Since the B matrix is initialized to 0's, the initial LoRA and DoRA layers (before training) should not affect the outputs of the forward pass, which we can confirm as follows:

In [8]:
torch.manual_seed(123)

layer = nn.Linear(10, 2)
x = torch.randn((1, 10))

print("Original output:", layer(x))

Original output: tensor([[0.6639, 0.4487]], grad_fn=<AddmmBackward0>)


In [9]:
layer_lora_1 = LinearWithLoRA(layer, rank=2, alpha=4)

print("LoRA output:", layer_lora_1(x))

LoRA output: tensor([[0.6639, 0.4487]], grad_fn=<AddBackward0>)


In [10]:
layer_dora_1 = LinearWithDoRA(layer, rank=2, alpha=4)

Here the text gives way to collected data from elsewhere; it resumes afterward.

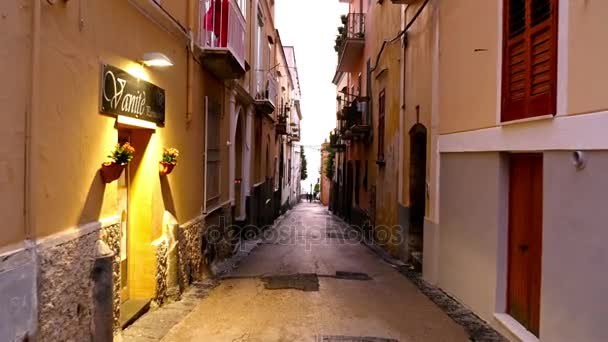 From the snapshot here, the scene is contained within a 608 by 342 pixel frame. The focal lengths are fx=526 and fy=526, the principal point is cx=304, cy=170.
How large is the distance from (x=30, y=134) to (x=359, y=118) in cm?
1650

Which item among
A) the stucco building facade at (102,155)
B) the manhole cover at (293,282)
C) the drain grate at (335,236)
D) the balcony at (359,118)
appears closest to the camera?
the stucco building facade at (102,155)

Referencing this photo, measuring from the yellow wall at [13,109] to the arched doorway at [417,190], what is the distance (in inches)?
331

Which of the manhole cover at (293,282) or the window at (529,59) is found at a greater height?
the window at (529,59)

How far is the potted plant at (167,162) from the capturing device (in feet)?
22.9

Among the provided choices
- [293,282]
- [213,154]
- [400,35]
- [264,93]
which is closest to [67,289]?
[293,282]

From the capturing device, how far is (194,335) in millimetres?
5922

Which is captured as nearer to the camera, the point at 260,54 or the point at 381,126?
the point at 381,126

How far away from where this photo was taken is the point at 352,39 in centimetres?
2052

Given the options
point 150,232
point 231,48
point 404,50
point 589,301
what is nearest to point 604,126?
point 589,301

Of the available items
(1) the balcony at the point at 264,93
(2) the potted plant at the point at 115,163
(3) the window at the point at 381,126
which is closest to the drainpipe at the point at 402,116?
(3) the window at the point at 381,126

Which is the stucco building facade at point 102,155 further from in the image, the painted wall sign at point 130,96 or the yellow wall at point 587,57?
the yellow wall at point 587,57

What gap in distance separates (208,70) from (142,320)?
487 centimetres

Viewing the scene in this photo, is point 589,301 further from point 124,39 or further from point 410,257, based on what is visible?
point 410,257

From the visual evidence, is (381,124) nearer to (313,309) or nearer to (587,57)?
(313,309) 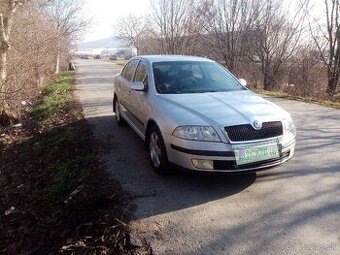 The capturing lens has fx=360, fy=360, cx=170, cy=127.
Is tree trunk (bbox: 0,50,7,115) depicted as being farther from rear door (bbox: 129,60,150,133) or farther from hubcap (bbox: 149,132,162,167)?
hubcap (bbox: 149,132,162,167)

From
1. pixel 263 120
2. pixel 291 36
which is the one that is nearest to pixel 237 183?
pixel 263 120

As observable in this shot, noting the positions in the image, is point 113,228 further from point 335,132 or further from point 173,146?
point 335,132

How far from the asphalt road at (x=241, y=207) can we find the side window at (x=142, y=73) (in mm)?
1211

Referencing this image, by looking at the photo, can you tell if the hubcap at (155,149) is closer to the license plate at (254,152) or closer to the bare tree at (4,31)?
the license plate at (254,152)

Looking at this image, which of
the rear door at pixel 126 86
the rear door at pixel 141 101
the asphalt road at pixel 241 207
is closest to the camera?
the asphalt road at pixel 241 207

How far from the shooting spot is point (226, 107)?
184 inches

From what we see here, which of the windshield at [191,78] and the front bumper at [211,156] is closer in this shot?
the front bumper at [211,156]

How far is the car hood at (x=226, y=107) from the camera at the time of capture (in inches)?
171

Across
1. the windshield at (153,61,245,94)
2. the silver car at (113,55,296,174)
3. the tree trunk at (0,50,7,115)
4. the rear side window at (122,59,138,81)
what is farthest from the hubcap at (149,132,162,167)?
the tree trunk at (0,50,7,115)

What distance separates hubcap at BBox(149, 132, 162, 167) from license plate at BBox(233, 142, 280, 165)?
3.60ft

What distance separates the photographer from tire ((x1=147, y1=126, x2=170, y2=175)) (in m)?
4.64

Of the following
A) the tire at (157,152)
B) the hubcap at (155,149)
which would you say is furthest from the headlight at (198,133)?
the hubcap at (155,149)

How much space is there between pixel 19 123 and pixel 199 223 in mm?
7983

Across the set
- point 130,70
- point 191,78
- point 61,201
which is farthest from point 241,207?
point 130,70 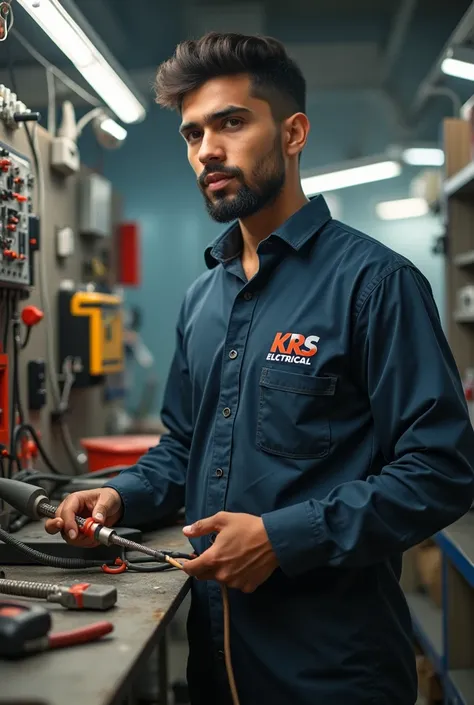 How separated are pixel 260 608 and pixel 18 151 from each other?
129 centimetres

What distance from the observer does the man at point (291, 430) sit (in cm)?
120

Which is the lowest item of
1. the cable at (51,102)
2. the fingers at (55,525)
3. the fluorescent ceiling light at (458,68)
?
the fingers at (55,525)

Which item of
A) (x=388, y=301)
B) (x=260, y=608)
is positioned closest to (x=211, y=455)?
(x=260, y=608)

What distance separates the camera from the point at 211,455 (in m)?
1.43

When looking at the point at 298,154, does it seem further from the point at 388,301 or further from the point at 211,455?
the point at 211,455

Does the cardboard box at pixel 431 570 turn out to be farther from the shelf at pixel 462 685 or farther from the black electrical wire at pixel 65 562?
the black electrical wire at pixel 65 562

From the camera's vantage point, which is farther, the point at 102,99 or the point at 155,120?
the point at 155,120

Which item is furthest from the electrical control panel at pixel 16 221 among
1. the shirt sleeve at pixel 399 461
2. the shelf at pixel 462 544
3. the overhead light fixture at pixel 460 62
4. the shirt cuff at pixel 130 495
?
the overhead light fixture at pixel 460 62

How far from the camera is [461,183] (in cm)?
307

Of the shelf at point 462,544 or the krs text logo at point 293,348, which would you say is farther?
the shelf at point 462,544

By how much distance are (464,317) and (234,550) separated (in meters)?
2.31

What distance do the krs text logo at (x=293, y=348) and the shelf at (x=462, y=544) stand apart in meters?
0.84

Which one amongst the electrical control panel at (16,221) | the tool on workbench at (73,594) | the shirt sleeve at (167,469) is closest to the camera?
the tool on workbench at (73,594)

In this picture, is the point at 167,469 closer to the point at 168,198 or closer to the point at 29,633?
the point at 29,633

print("DoRA output:", layer_dora_1(x))

DoRA output: tensor([[0.6639, 0.4487]], grad_fn=<AddBackward0>)


In [11]:
model_pretrained

MultilayerPerceptron(
  (layers): Sequential(
    (0): Linear(in_features=784, out_features=128, bias=True)
    (1): ReLU()
    (2): Linear(in_features=128, out_features=256, bias=True)
    (3): ReLU()
    (4): Linear(in_features=256, out_features=10, bias=True)
  )
)

In [12]:
import copy

model_lora = copy.deepcopy(model_pretrained)
model_dora = copy.deepcopy(model_pretrained)

In [13]:
model_lora.layers[0] = LinearWithLoRA(model_lora.layers[0], rank=4, alpha=8)
model_lora.layers[2] = LinearWithLoRA(model_lora.layers[2], rank=4, alpha=8)
model_lora.layers[4] = LinearWithLoRA(model_lora.layers[4], rank=4, alpha=8)

model_lora.to(DEVICE)
optimizer_lora = torch.optim.Adam(model_lora.parameters(), lr=learning_rate)
model_lora

MultilayerPerceptron(
  (layers): Sequential(
    (0): LinearWithLoRA(
      (linear): Linear(in_features=784, out_features=128, bias=True)
      (lora): LoRALayer()
    )
    (1): ReLU()
    (2): LinearWithLoRA(
      (linear): Linear(in_features=128, out_features=256, bias=True)
      (lora): LoRALayer()
    )
    (3): ReLU()
    (4): LinearWithLoRA(
      (linear): Linear(in_features=256, out_features=10, bias=True)
      (lora): LoRALayer()
    )
  )
)

In [14]:
model_dora.layers[0] = LinearWithDoRA(model_dora.layers[0], rank=4, alpha=8)
model_dora.layers[2] = LinearWithDoRA(model_dora.layers[2], rank=4, alpha=8)
model_dora.layers[4] = LinearWithDoRA(model_dora.layers[4], rank=4, alpha=8)

model_dora.to(DEVICE)
optimizer_dora = torch.optim.Adam(model_dora.parameters(), lr=learning_rate)
model_dora

MultilayerPerceptron(
  (layers): Sequential(
    (0): LinearWithDoRA(
      (linear): Linear(in_features=784, out_features=128, bias=True)
      (lora): LoRALayer()
    )
    (1): ReLU()
    (2): LinearWithDoRA(
      (linear): Linear(in_features=128, out_features=256, bias=True)
      (lora): LoRALayer()
    )
    (3): ReLU()
    (4): LinearWithDoRA(
      (linear): Linear(in_features=256, out_features=10, bias=True)
      (lora): LoRALayer()
    )
  )
)

We just initialized the LoRA & DoRA layers but haven't trained the LoRA layers yet, so a model with and without initial LoRA weights should have the same predictive performance:

In [15]:
print(f'Test accuracy orig model: {compute_accuracy(model_pretrained, test_loader, DEVICE):.2f}%')
print(f'Test accuracy LoRA model: {compute_accuracy(model_lora, test_loader, DEVICE):.2f}%')
print(f'Test accuracy DoRA model: {compute_accuracy(model_dora, test_loader, DEVICE):.2f}%')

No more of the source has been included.